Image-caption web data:
---+---
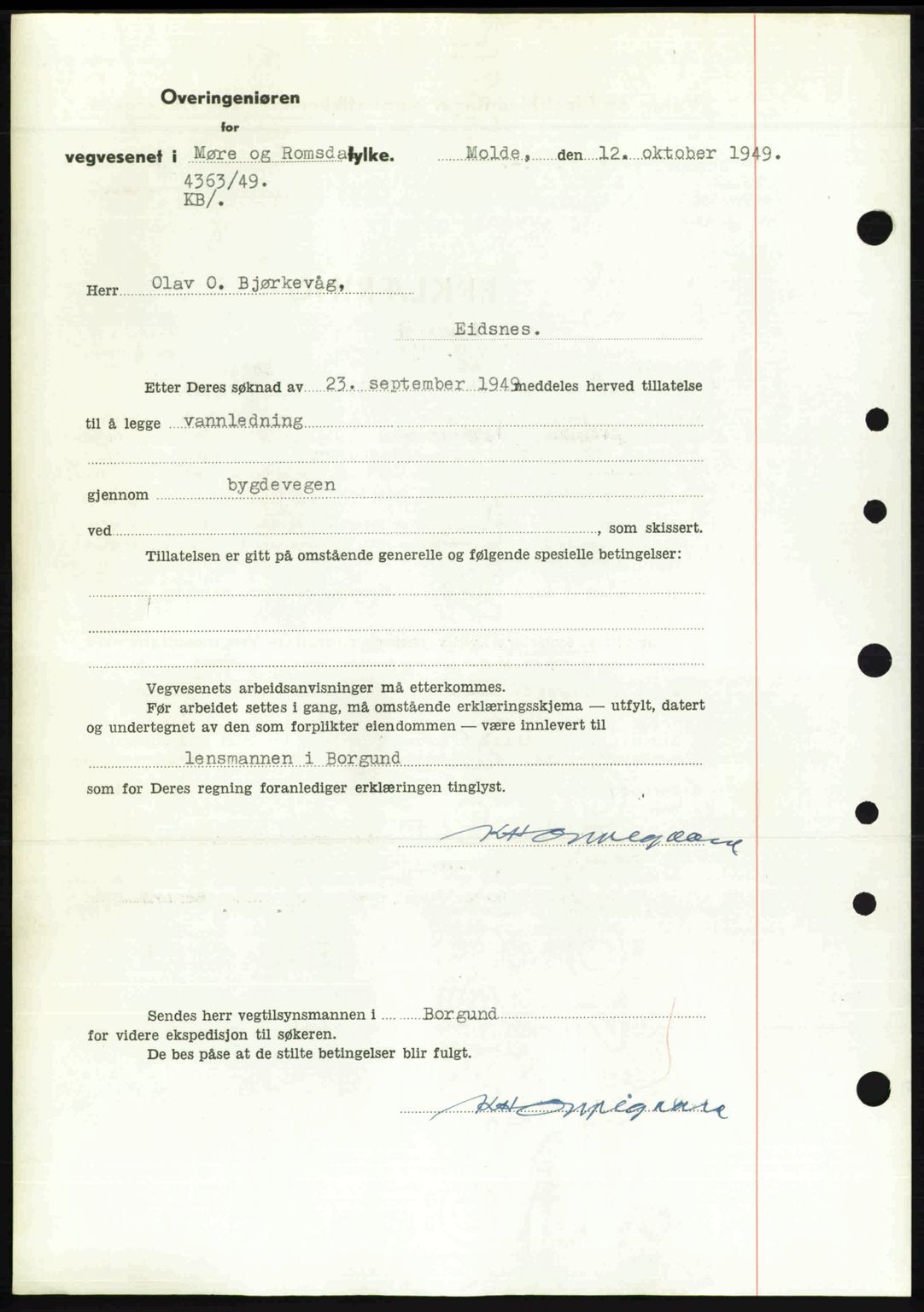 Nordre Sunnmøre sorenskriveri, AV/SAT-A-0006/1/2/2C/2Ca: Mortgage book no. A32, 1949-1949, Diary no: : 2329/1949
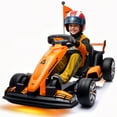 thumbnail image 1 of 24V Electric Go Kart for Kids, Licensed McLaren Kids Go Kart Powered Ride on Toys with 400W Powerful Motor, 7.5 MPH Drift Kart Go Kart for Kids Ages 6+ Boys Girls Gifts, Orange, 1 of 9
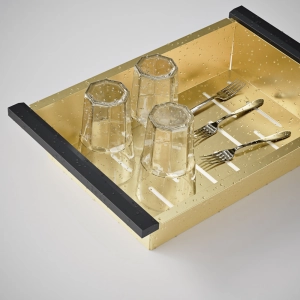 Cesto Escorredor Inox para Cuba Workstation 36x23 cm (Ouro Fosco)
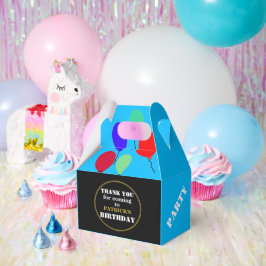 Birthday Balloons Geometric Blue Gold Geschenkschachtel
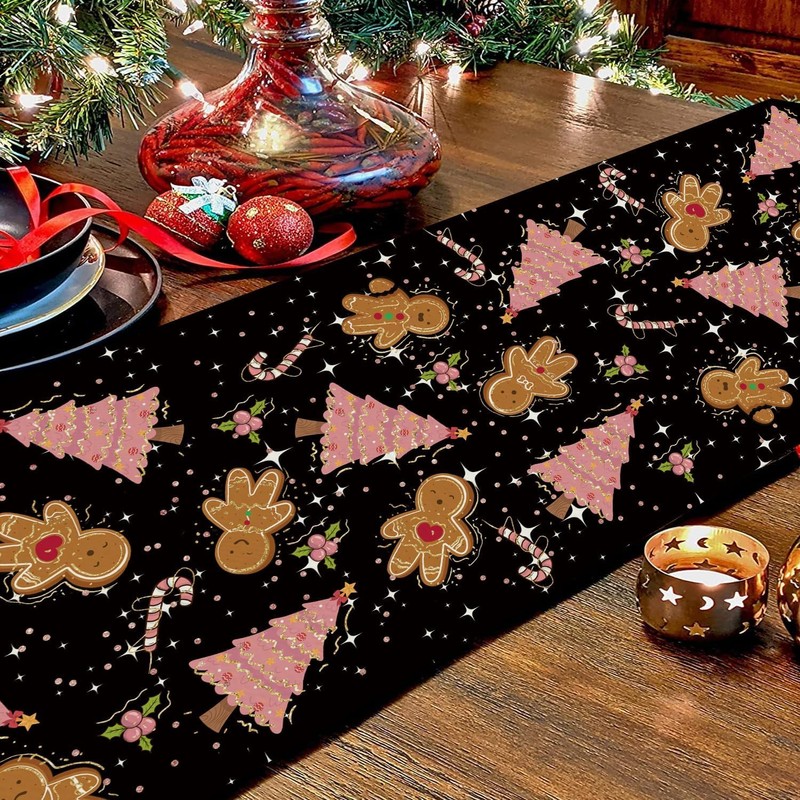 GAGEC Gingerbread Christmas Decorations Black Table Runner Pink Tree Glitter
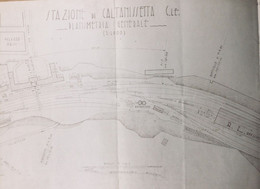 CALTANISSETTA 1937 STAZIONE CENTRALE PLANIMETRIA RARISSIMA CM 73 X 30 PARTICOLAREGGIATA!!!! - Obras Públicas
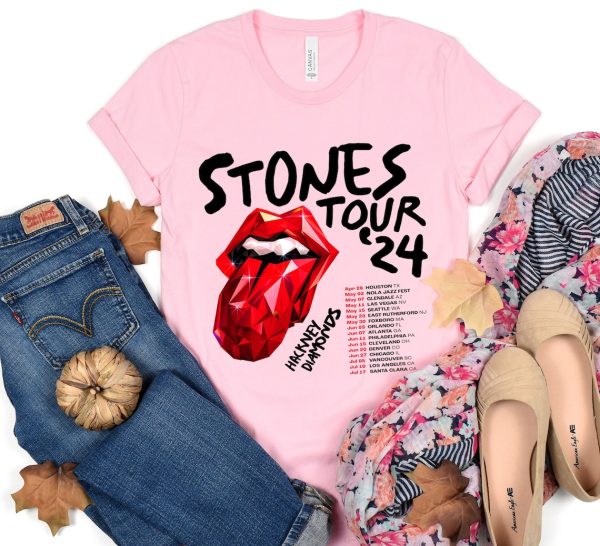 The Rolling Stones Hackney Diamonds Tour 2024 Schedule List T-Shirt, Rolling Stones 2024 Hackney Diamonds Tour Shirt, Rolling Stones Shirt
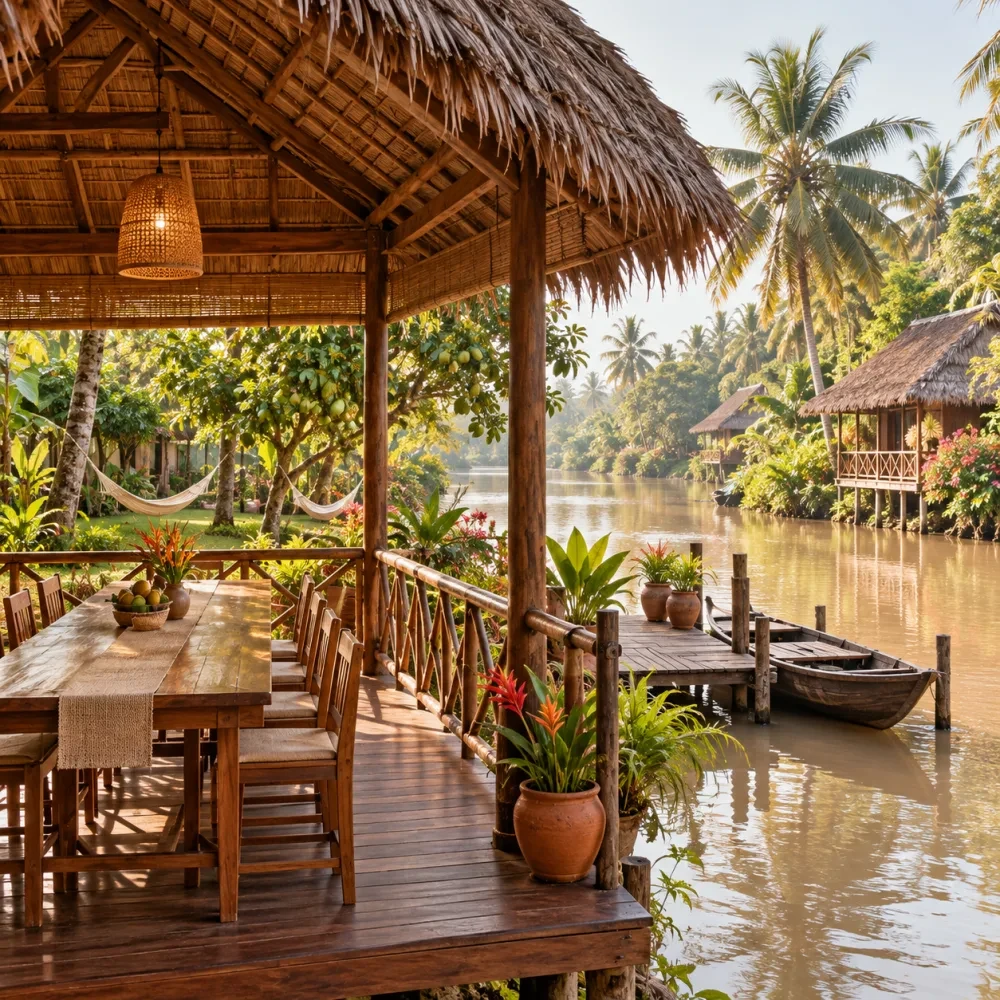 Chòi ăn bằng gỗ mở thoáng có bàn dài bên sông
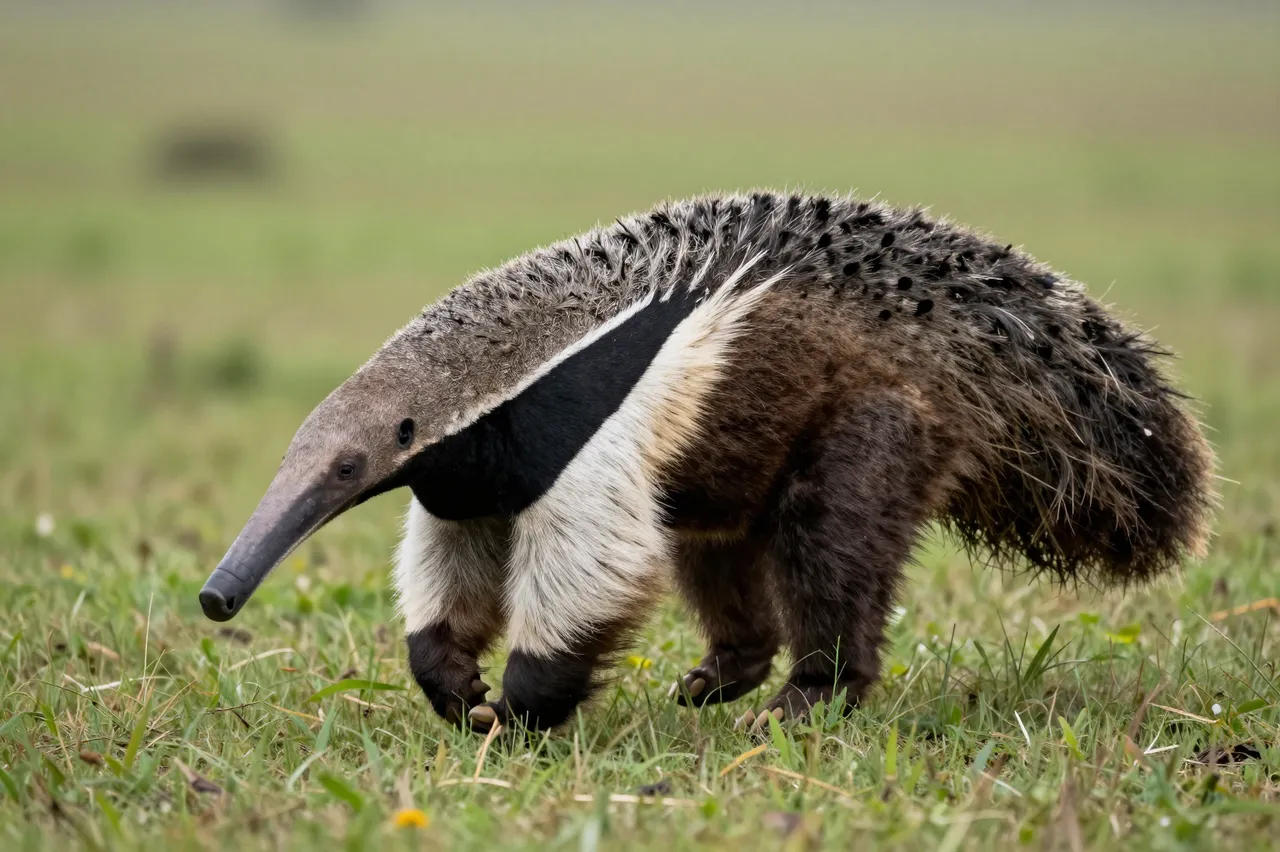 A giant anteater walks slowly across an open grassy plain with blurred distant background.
---+---
▶ **Assigned task**: The data above must be copied exactly. Leave out the pictures.

▶ **Answer box**:
 Nordre Sunnmøre sorenskriveri, AV/SAT-A-0006/1/2/2C/2Ca: Mortgage book no. A32, 1949-1949, Diary no: : 2329/1949
 thumbnail image 1 of 24V Electric Go Kart for Kids, Licensed McLaren Kids Go Kart Powered Ride on Toys with 400W Powerful Motor, 7.5 MPH Drift Kart Go Kart for Kids Ages 6+ Boys Girls Gifts, Orange, 1 of 9
 Cesto Escorredor Inox para Cuba Workstation 36x23 cm (Ouro Fosco)
 Birthday Balloons Geometric Blue Gold Geschenkschachtel
 GAGEC Gingerbread Christmas Decorations Black Table Runner Pink Tree Glitter
 CALTANISSETTA 1937 STAZIONE CENTRALE PLANIMETRIA RARISSIMA CM 73 X 30 PARTICOLAREGGIATA!!!! - Obras Públicas
 The Rolling Stones Hackney Diamonds Tour 2024 Schedule List T-Shirt, Rolling Stones 2024 Hackney Diamonds Tour Shirt, Rolling Stones Shirt
 Chòi ăn bằng gỗ mở thoáng có bàn dài bên sông
 A giant anteater walks slowly across an open grassy plain with blurred distant background.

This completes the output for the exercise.